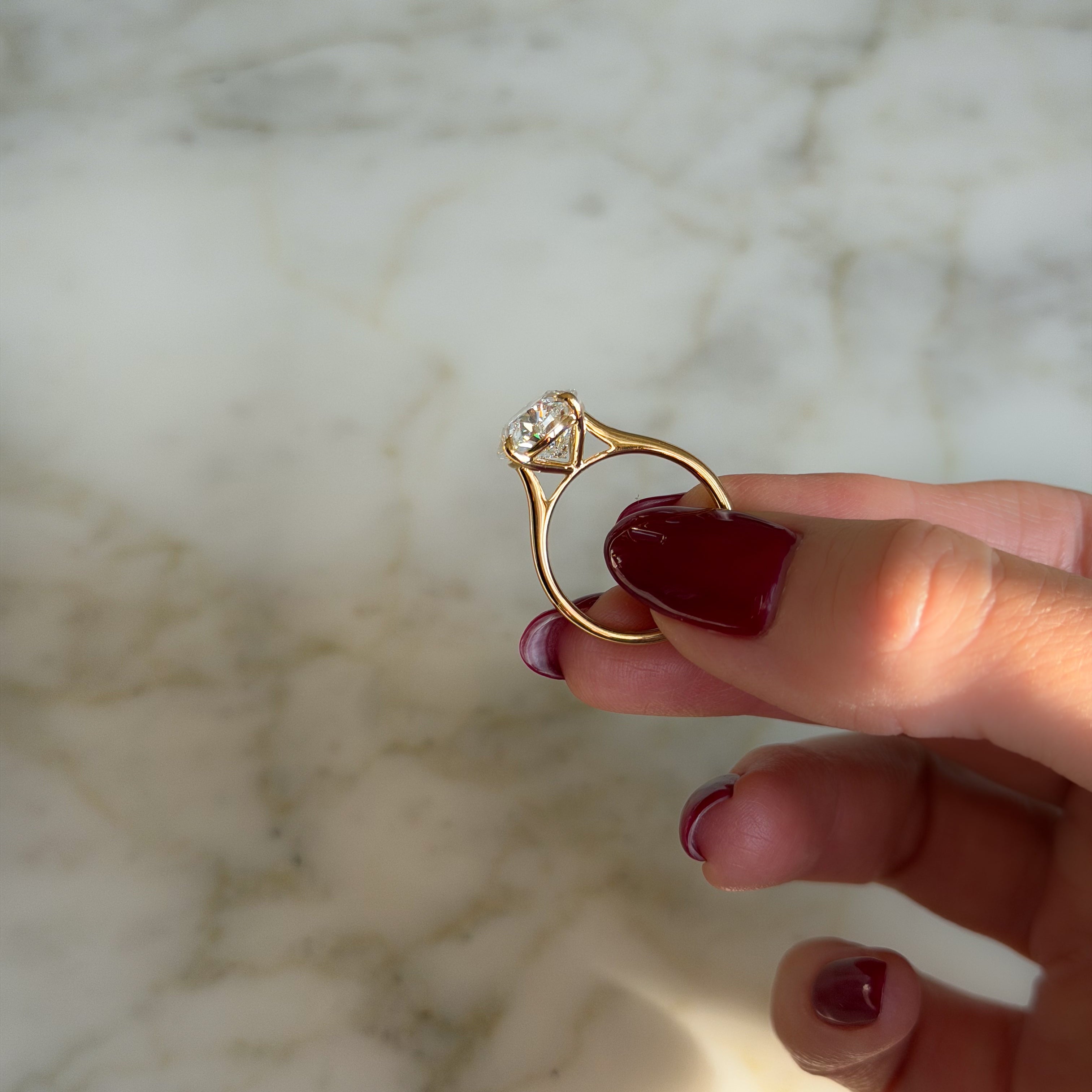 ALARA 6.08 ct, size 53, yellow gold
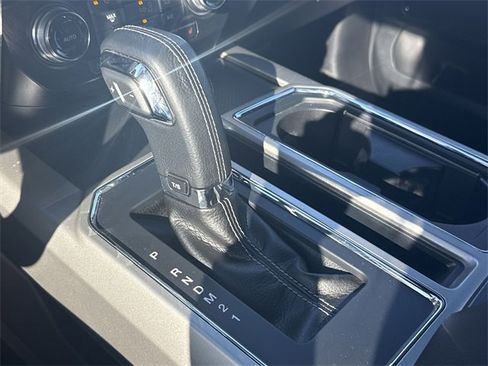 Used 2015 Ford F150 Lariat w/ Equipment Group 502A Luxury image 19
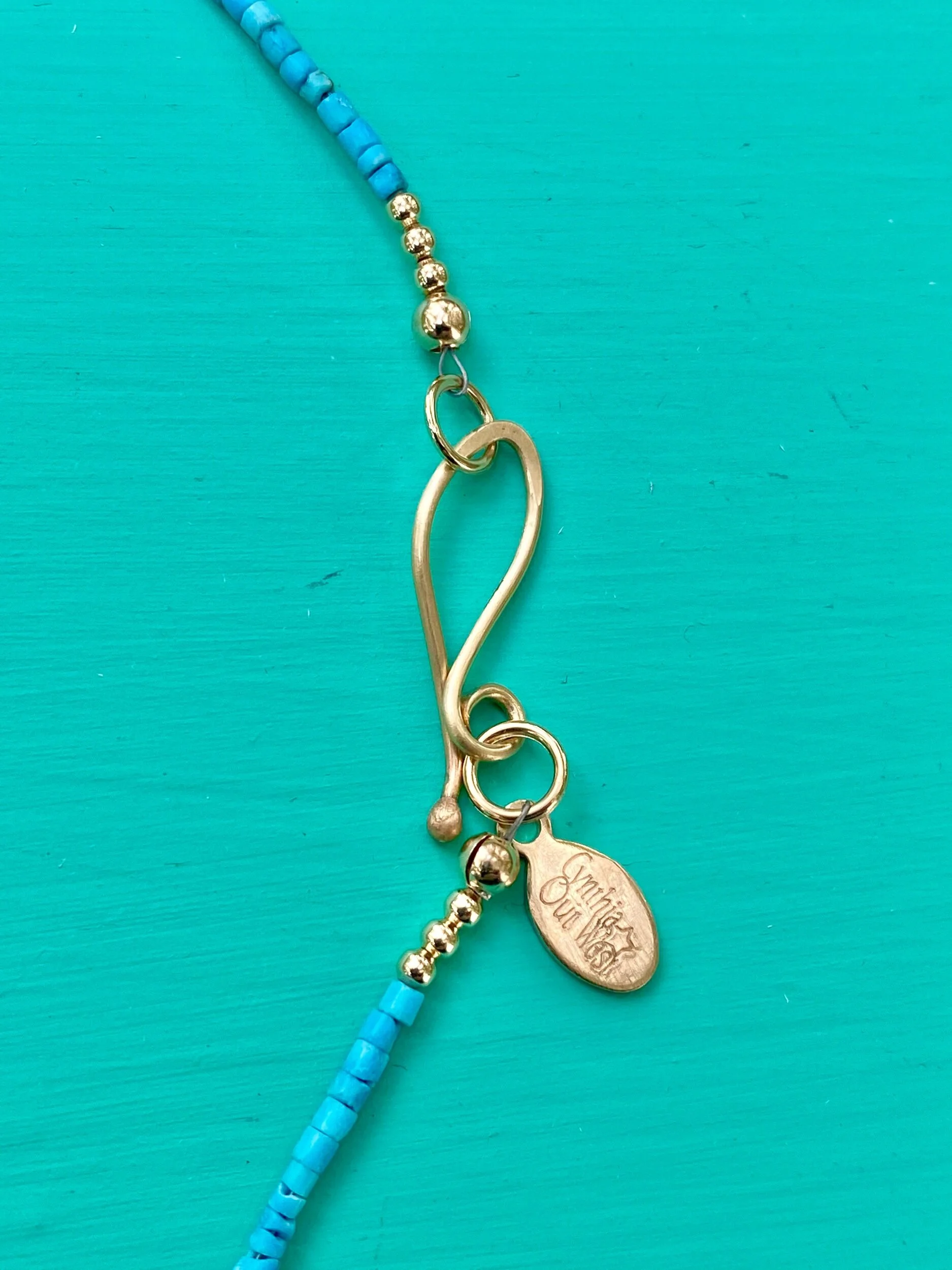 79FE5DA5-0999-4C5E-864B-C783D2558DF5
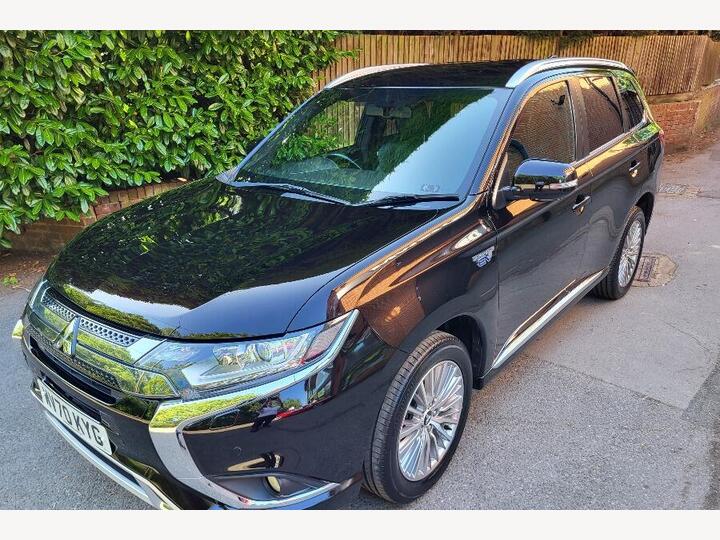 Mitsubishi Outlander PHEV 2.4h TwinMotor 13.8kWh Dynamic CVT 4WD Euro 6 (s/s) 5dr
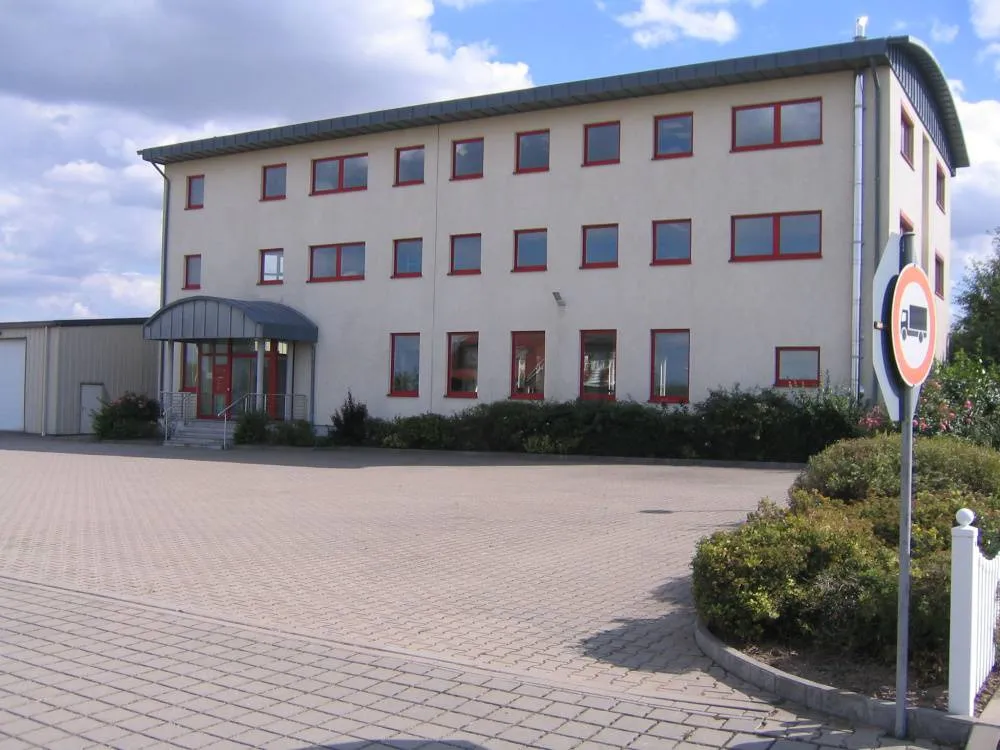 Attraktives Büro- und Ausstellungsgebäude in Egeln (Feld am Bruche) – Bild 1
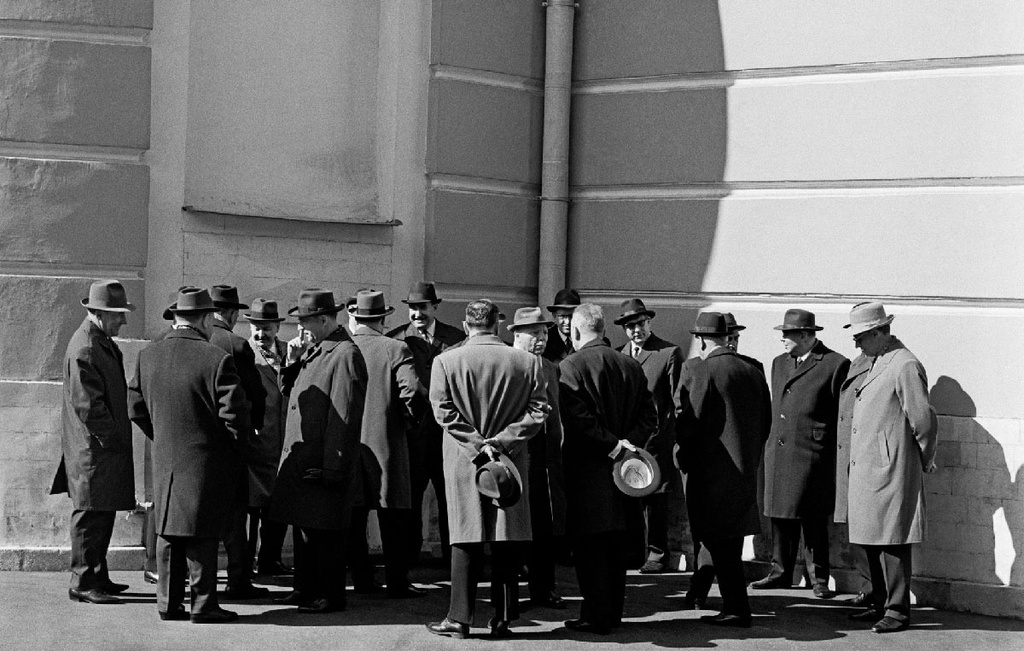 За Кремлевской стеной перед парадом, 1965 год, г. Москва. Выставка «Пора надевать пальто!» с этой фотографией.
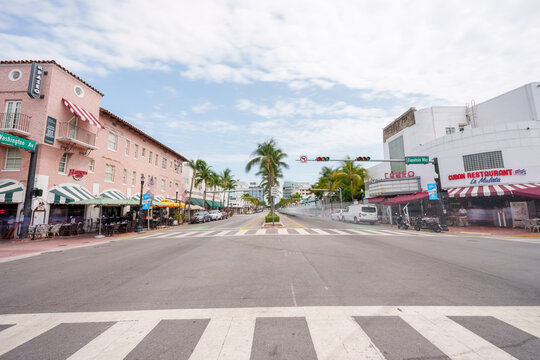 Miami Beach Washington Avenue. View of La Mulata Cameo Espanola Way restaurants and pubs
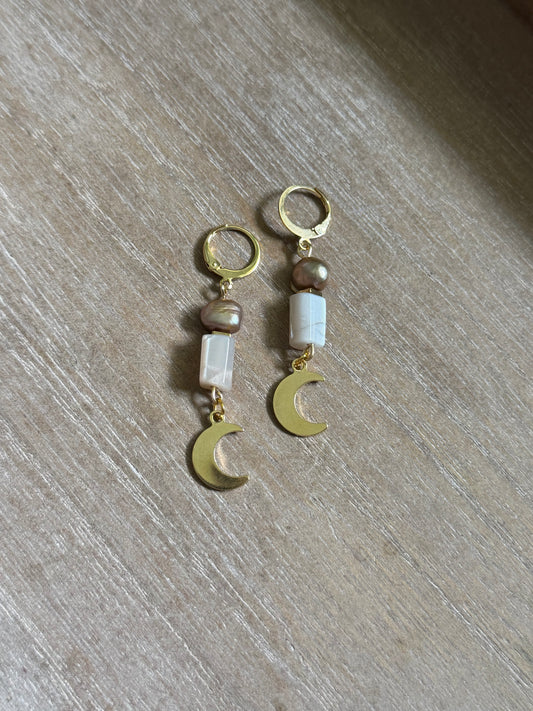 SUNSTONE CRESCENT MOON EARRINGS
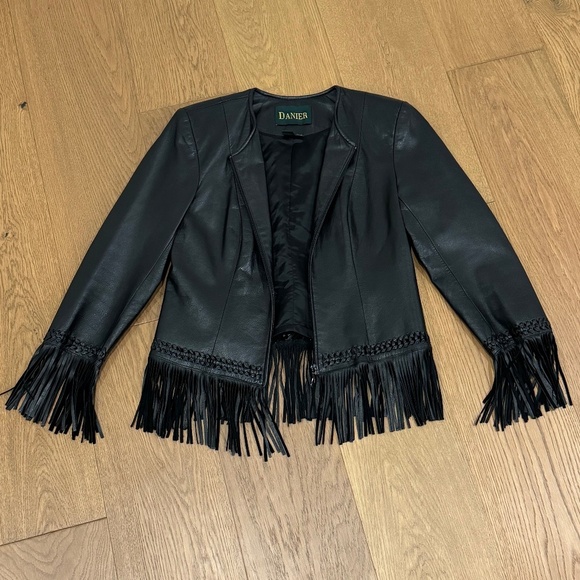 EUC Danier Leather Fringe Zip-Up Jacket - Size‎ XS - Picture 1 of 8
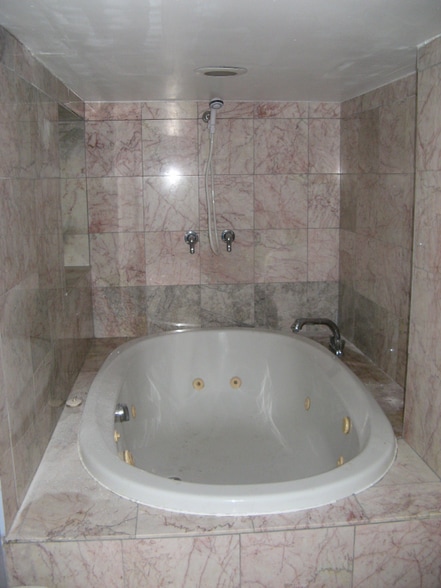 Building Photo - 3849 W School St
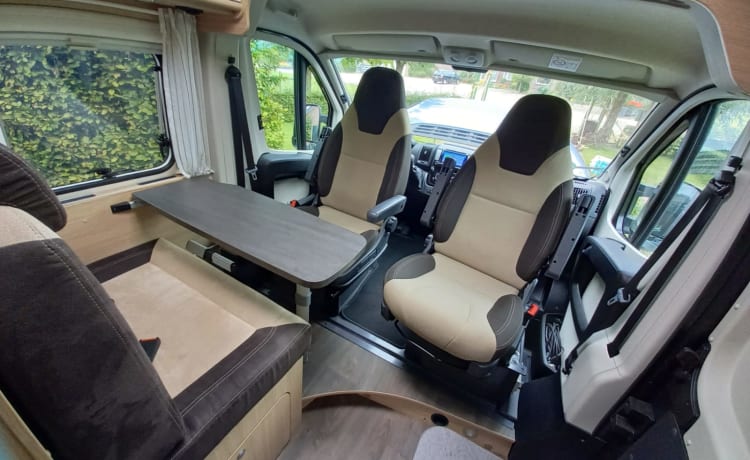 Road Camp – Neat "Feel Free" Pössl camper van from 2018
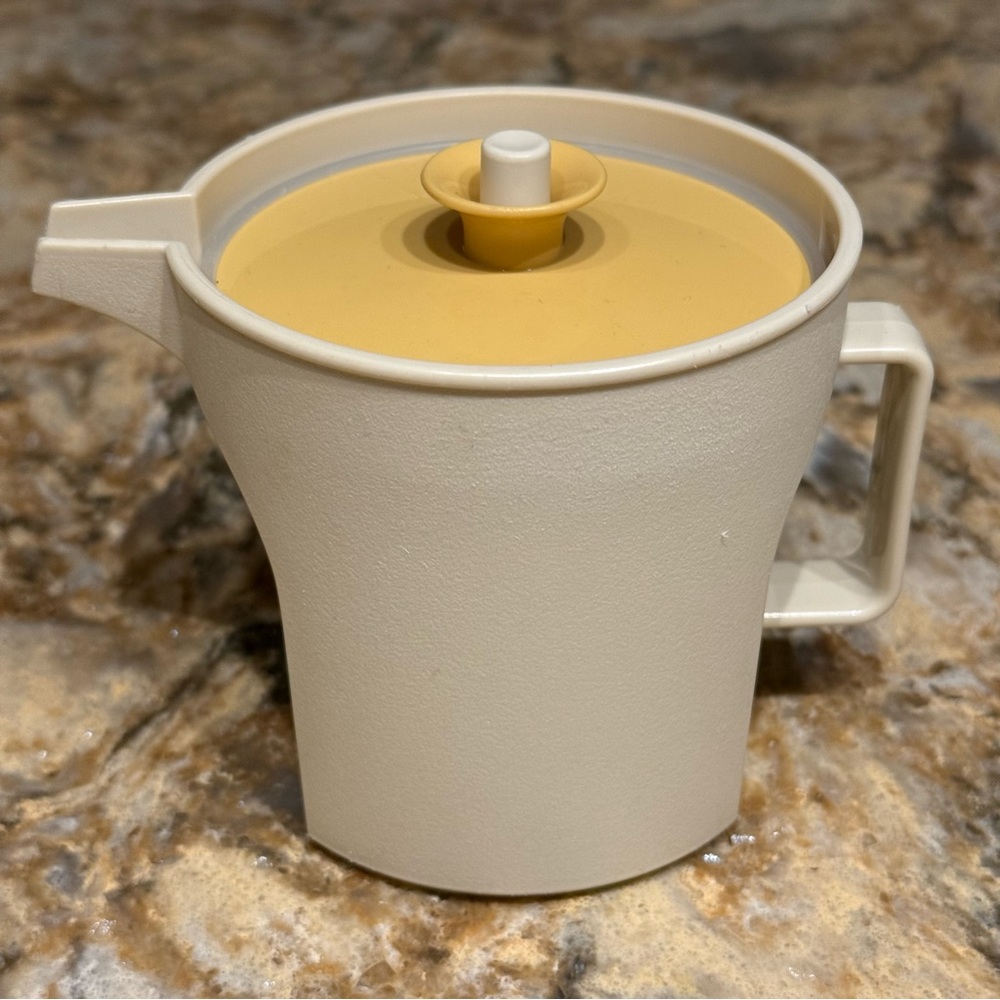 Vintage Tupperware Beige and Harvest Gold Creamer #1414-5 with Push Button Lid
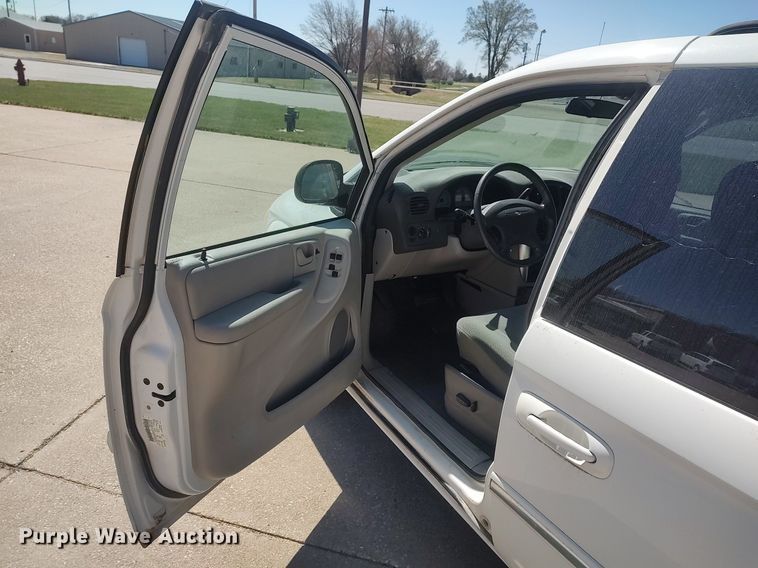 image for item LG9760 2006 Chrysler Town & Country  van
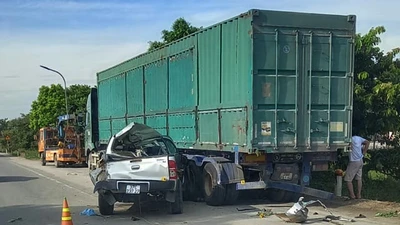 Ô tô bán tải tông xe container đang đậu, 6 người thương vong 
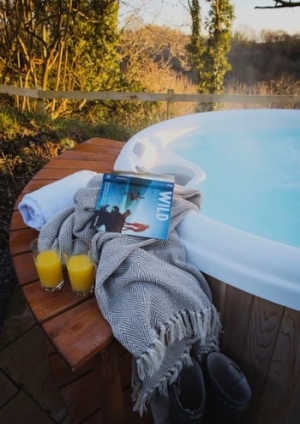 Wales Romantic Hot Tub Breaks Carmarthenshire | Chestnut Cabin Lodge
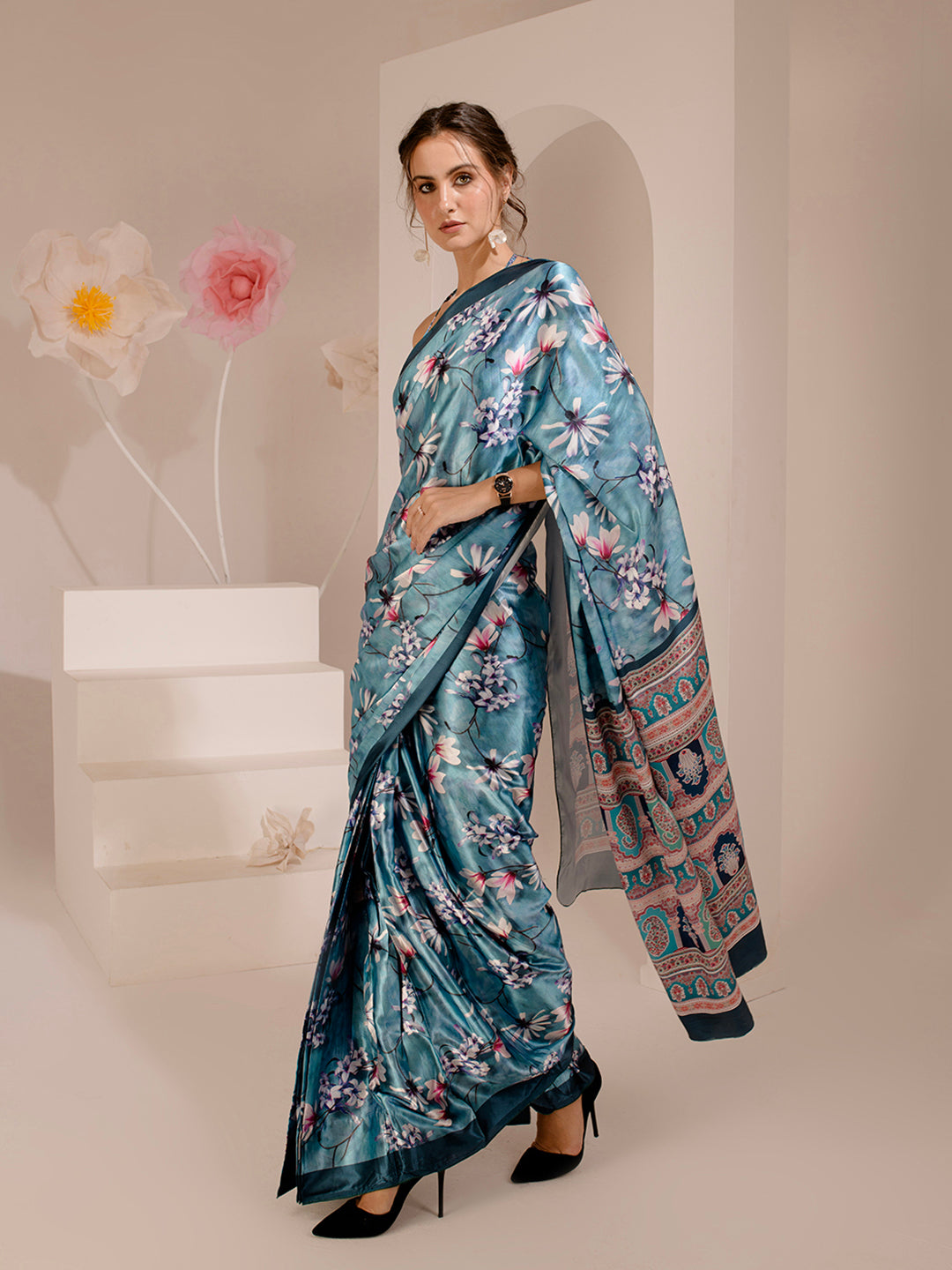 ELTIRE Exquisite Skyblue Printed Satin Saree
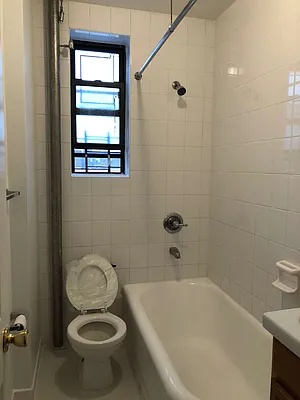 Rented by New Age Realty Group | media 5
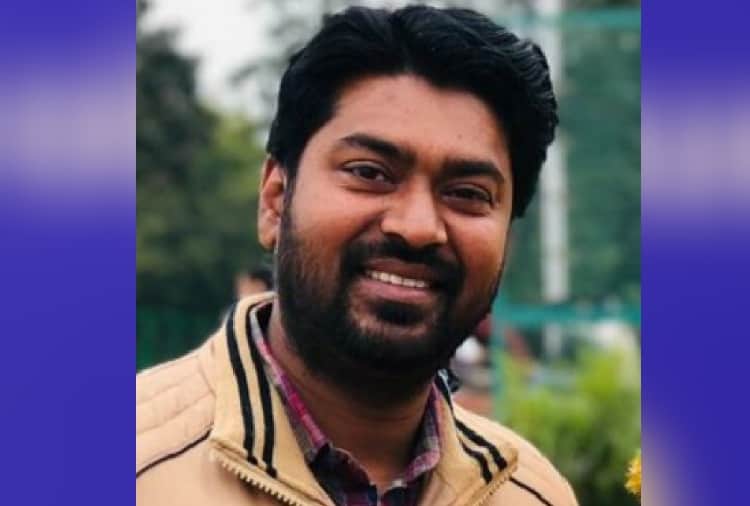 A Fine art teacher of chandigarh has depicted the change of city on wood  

----------

Copy out the data verbatim, with no pictures.

 ALARA 6.08 ct, size 53, yellow gold
 Used 2015 Ford F150 Lariat w/ Equipment Group 502A Luxury image 19
 79FE5DA5-0999-4C5E-864B-C783D2558DF5
 Mitsubishi Outlander PHEV 2.4h TwinMotor 13.8kWh Dynamic CVT 4WD Euro 6 (s/s) 5dr
 Attraktives Büro- und Ausstellungsgebäude in Egeln (Feld am Bruche) – Bild 1
 За Кремлевской стеной перед парадом, 1965 год, г. Москва. Выставка «Пора надевать пальто!» с этой фотографией.
 Miami Beach Washington Avenue. View of La Mulata Cameo Espanola Way restaurants and pubs
 SUNSTONE CRESCENT MOON EARRINGS
 EUC Danier Leather Fringe Zip-Up Jacket - Size‎ XS - Picture 1 of 8
 Building Photo - 3849 W School St
 Road Camp – Neat "Feel Free" Pössl camper van from 2018
 Vintage Tupperware Beige and Harvest Gold Creamer #1414-5 with Push Button Lid
 image for item LG9760 2006 Chrysler Town & Country  van
 Ô tô bán tải tông xe container đang đậu, 6 người thương vong 
 Wales Romantic Hot Tub Breaks Carmarthenshire | Chestnut Cabin Lodge
 ELTIRE Exquisite Skyblue Printed Satin Saree
 Rented by New Age Realty Group | media 5
 A Fine art teacher of chandigarh has depicted the change of city on wood  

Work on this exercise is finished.